[Dataset extract]
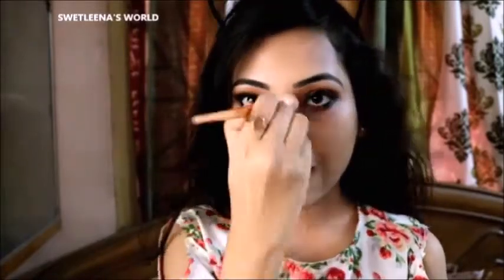Next I am using Makeup Revolution Pro Illuminate highlighter on the high parts of my face, as you guys can see.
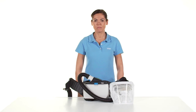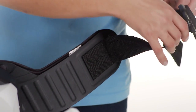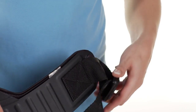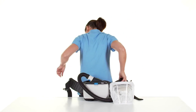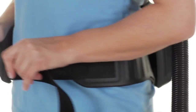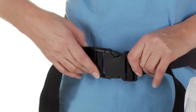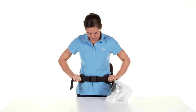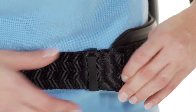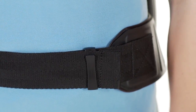To wear the device, adjust the carrying system to the approximately required circumference. Then put on the carrying system and close the buckle — the device is located on the back of the user. Tighten the strap. If necessary, it is possible to use strap clips to fix protruding ends.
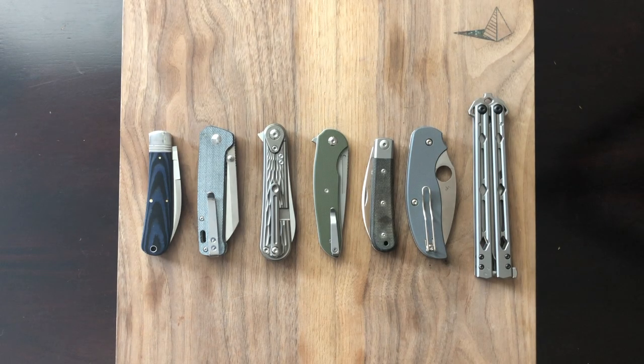Hey y'all, thanks for stopping by. Today we're taking a look at my favorite knives of 2020. Now of course this is just my favorites — this is not necessarily a best-of list — but I still think it'd be a lot of fun to get in here and show you guys some knives that I highly recommend. Throw your favorites down in the comments as well, I'd love to hear them. So let's get into it.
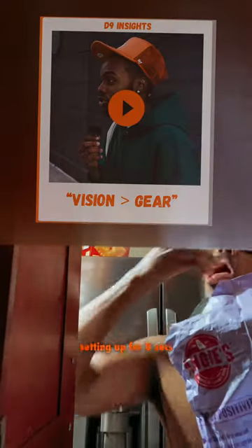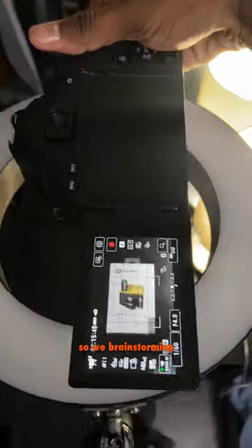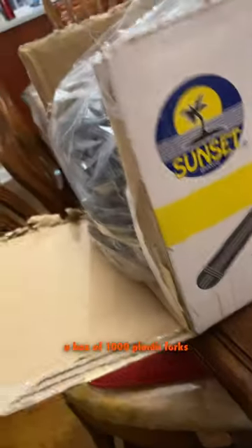I spent 30 minutes setting up for eight seconds worth of footage. Let's run that back real quick. I don't have a C-stand — it's not like I got space in my room for one — but I bet you I get this overhead shot. We're brainstorming. This would have been smooth but the camera was about to fall straight through. I've used C-stands at studios before and it's literally the most annoying thing to set up. Forgot to use a sandbag one time.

[Requirement] Leave out any pictures, please, and quote only the lines from the top of the data through the line that contains "To wear the".

[Final answer]
Next I am using Makeup Revolution Pro Illuminate highlighter on the high parts of my face, as you guys can see.
To wear the device, adjust the carrying system to the approximately required circumference. Then put on the carrying system and close the buckle — the device is located on the back of the user. Tighten the strap. If necessary, it is possible to use strap clips to fix protruding ends.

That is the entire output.